Having worked as a developer for over ten years before branching into pentesting, I always aimed to bake security into my work, even if I didn’t have the wealth of knowledge that I now have in order to do my day job.

One of the things that always struck me was that avoiding injection flaws such as Cross-Site Scripting (XSS) and SQL Injection (SQLi) also meant getting the product right from a functional point of view. I mean, how good is a web application that doesn’t let the user set their surname to O'leary or use many of the other fields that may legitimately contain “special characters” in order to function properly? This branches right across the board of possible inputs and application functionality, from storing code snippets (think Stack Overflow) to binary or other script data.

To explain, say that the website outputs the following into an HTML page:

<script>
var surname = '<user supplied>';
</script>

And say Des O’Connor dutifully comes to your site to register. Now, if your app isn’t taking into account the “special character” in his name, this JavaScript falls over:

<script>
var surname = 'O'Connor';
</script>

Uncaught SyntaxError: Unexpected identifier

Being aware that characters can be input that will cause disruption your site is the first step to ensuring your application is secure against injection flaws. Notice the word can. Of course, users that just want to use your app rather than attack it won’t do this on purpose, but you should never trust all users to act in such a way, and as demonstrated above functional flaws, rather than security flaws, can be unearthed even from trusted users.

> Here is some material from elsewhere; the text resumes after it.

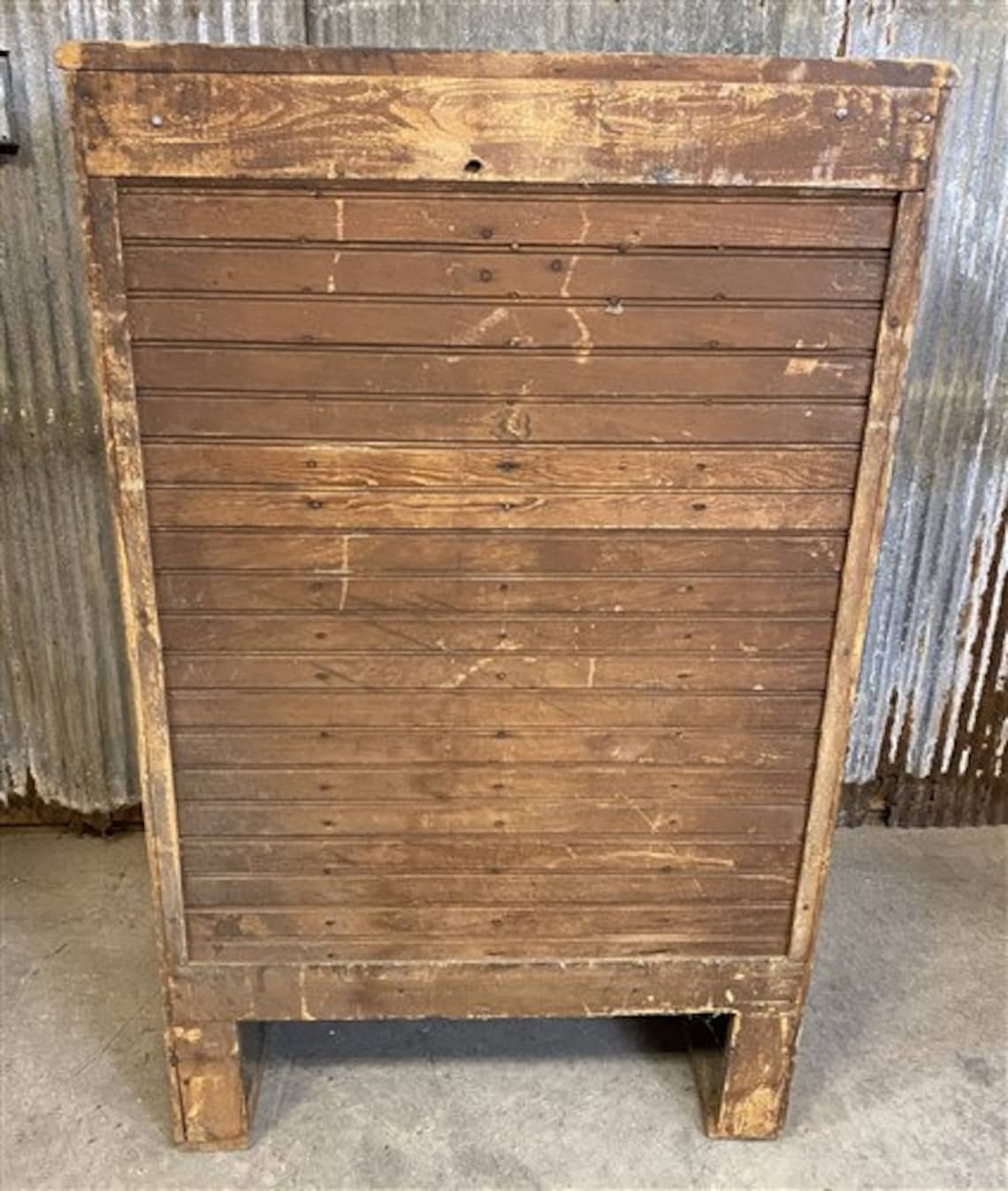 Vintage Oak Icebox Refrigerator, 2 Door Ice Chest, Primitive Kitchen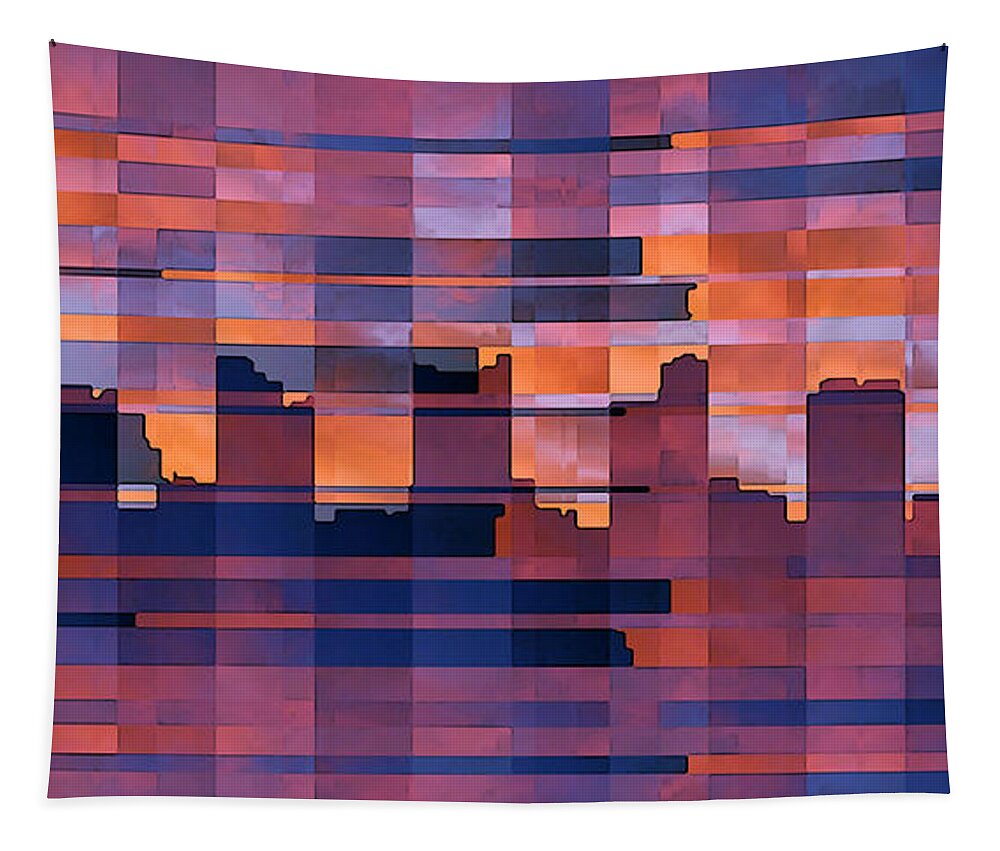Abstract Cityscape Tapestry featuring the digital art Sunset City by Ben and Raisa Gertsberg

The same applies with SQL injection if prepared statements are not used.

INSERT INTO user(surname) VALUES('O'Connor');

You have an error in your SQL syntax; check the manual that corresponds to your MySQL server version for the right syntax to use near 'Connor')' at line 1

In some of the applications I have tested the developers do not seem to have realised that their application can be broken so easily, even by a non-malicious user simply setting their name.

Remediation

So if the first step is realising that your app can be broken by such input, the second is knowing how to fix it. On first take, it appears that the JavaScript problem can be solved by escaping ' to \'.

<script>
var surname = 'O\'Connor';
</script>

(Fiddle)

Problem solved?

Not quite, if the above is rendered for another user (say an admin to make things more juicy), then a malicious user could set their surname to O\';alert("i haz XSS'd you")// to achieve stored XSS. If it is only the current user that is affected, yes we have XSS, but only self-XSS:

So in our admin scenario we get this rendered:

<script>
var surname = 'O\\';alert("i haz XSS\'d you")//';
</script>

(Fiddle)

Of course you need to use your imagination here and realise the attacker won’t just inject a simple alert, the are more likely to use something such as BEEF or their own custom script to compromise the session (frightfully easy if there are session cookies without the HttpOnly flag).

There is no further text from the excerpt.